3- We have to be mindful of how the marks we make are cuts along the curving surface of the cranial ball - working in individual strokes like this (rather than, say, drawing the eye socket with an ellipse) helps a lot in reinforcing this idea of engaging with a 3D structure.

Try your best to employ this method when doing constructional drawing exercises using animals in the future, as closely as you can. Sometimes it seems like it's not a good fit for certain heads, but as shown in in this banana-headed rhino it can be adapted for a wide array of animals.

I have one final draw over for you here on your horse, where you appear to have skipped over drawing the eye sockets.

Now, I have given you a number of things to work on here, so I am going to assign some revisions.

Please complete 4 pages of animal constructions.

Next Steps:

Please complete 4 pages of animal constructions.

When finished, reply to this critique with your revisions.
edited at 11:26 AM, Jan 4th 2023
9:20 PM, Wednesday January 4th 2023

Thanks for the feedback! Yeah I did have some struggles with this lesson but your pointers are really useful, I'll get to work on the revisions

2:21 PM, Sunday January 8th 2023

Here's the revision with four new ones. https://imgur.com/a/ceV05vx

3:08 PM, Sunday January 8th 2023

Hello Steenstn, thank you for replying with your revisions.

Wow, these are much better!
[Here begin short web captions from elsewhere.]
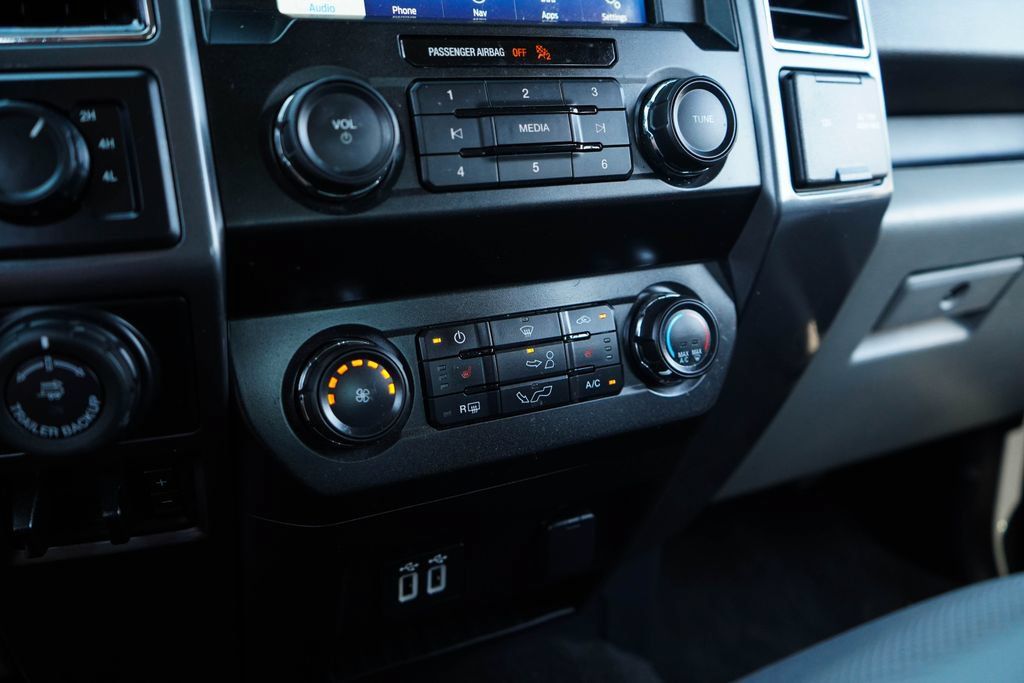 Used 2019 Ford F150 XLT w/ Equipment Group 302A Luxury AWD/4WD image 27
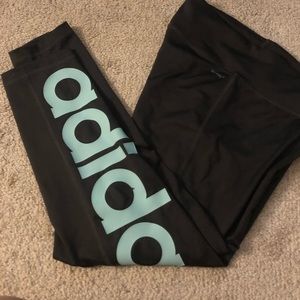 Women’s Adidas Leggings 🌊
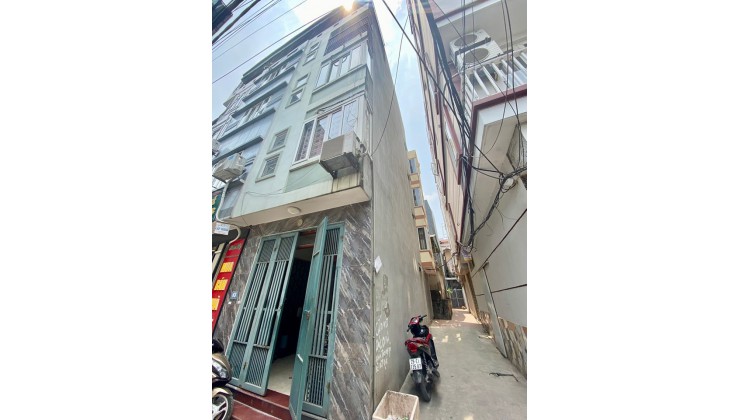 Bán nhà Ngõ Quỳnh, Hai Bà Trưng, 55m, 4 tầng, mặt tiền 8m, giá 6.1 tỷ.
I can see you've been really fastidious about applying the feedback you received, great work!

You're doing great, and I'll be marking this as complete, but I'll give you a couple of bonus pointers while I'm here.
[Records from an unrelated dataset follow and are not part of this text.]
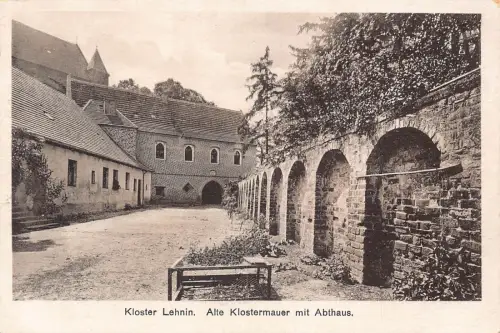 Deutschland Kloster Lehnin Alte Klostermauer mit Kloster Abthaus Vintage Postkarte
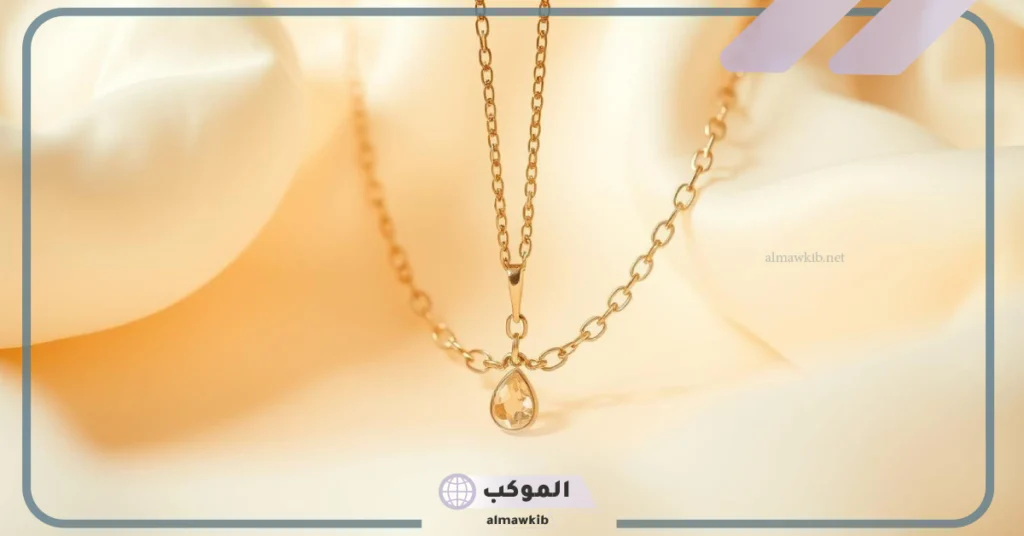 لبس عقد الذهب في المنام للعزباء 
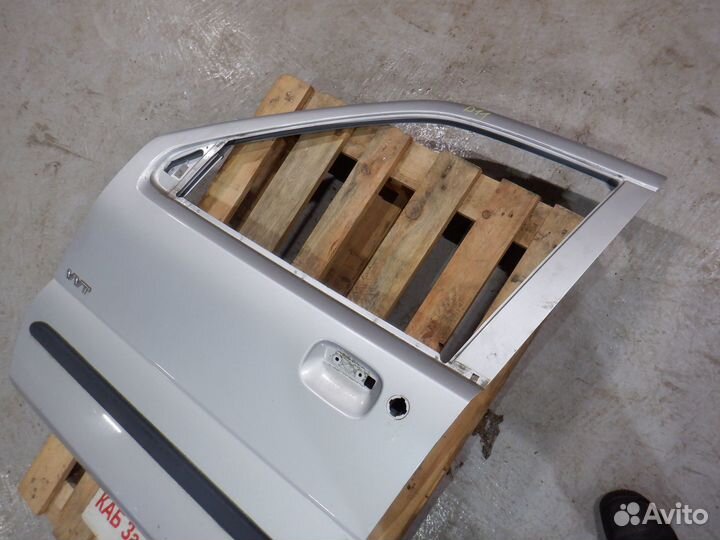 Дверь передняя левая Suzuki Ignis 2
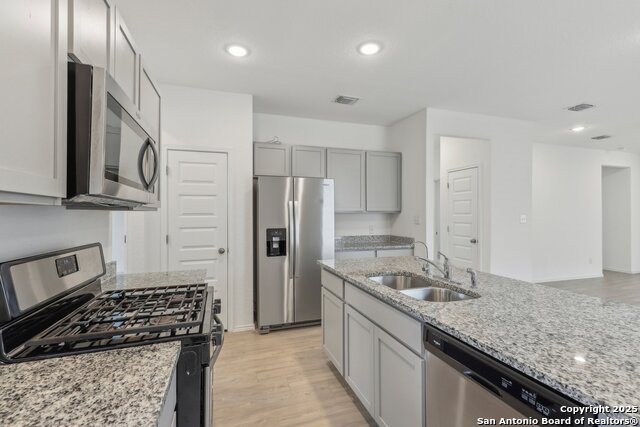 Image 15 of 40 For 4422 Chandler  Apt 2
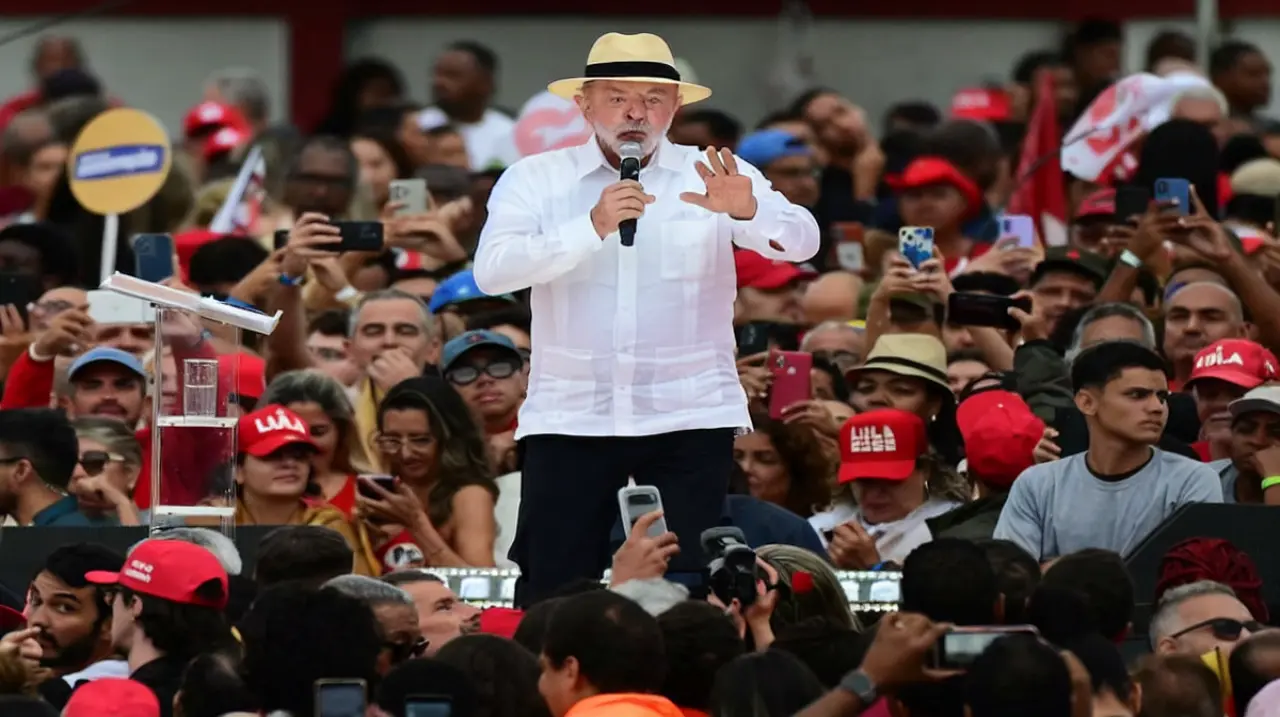 Lula mueve su tablero internacional antes de una elección que promete ser ajustada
I wanted to mention that you're off to a great start in the use of additional masses along your leg structures, but I see a bit of a tendency for these forms to focus primarily on masses that actually impact the silhouette of the overall leg, but there's value in exploring the forms that exist "internally" within that silhouette - like the missing puzzle piece that helps to further ground and define the ones that create the bumps along the silhouette's edge. Here is an example of what I mean, from another student's work - as you can see, Uncomfortable has blocked out masses along the leg there, and included the one fitting in between them all, even though it doesn't influence the silhouette. I didn't mention this explicitly in your critique, but if you look at the front leg of this draw over on your elephant one of the purple masses there doesn't break the silhouette, but works as an extra puzzle piece to wedge the other masses around. This way of thinking - about the inside of your structures, and fleshing out information that isn't just noticeable from one angle, but really exploring the construction in its entirety, will help you yet further push the value of these constructional exercises and puzzles.

The second point is that while your giraffe head feels pretty solid and 3D, you've kept the eye socket floating separately from the muzzle instead of wedging them together, as shown in the informal head demo and in this draw over I made on one of your horses previously. This way of wedging the pieces together gives a clearer and more specific relationship between the various elements of the head construction. Perhaps this giraffe was a bit tricky due to the convex profile you needed to build. I've found an example of this in this bunny head demo that Uncomfortable made for another student. I hope that helps.

Feel free to move on to the 250 Cylinder Challenge, which is a prerequisite for lesson 6.

Next Steps:

250 Cylinder Challenge

This critique marks this lesson as complete.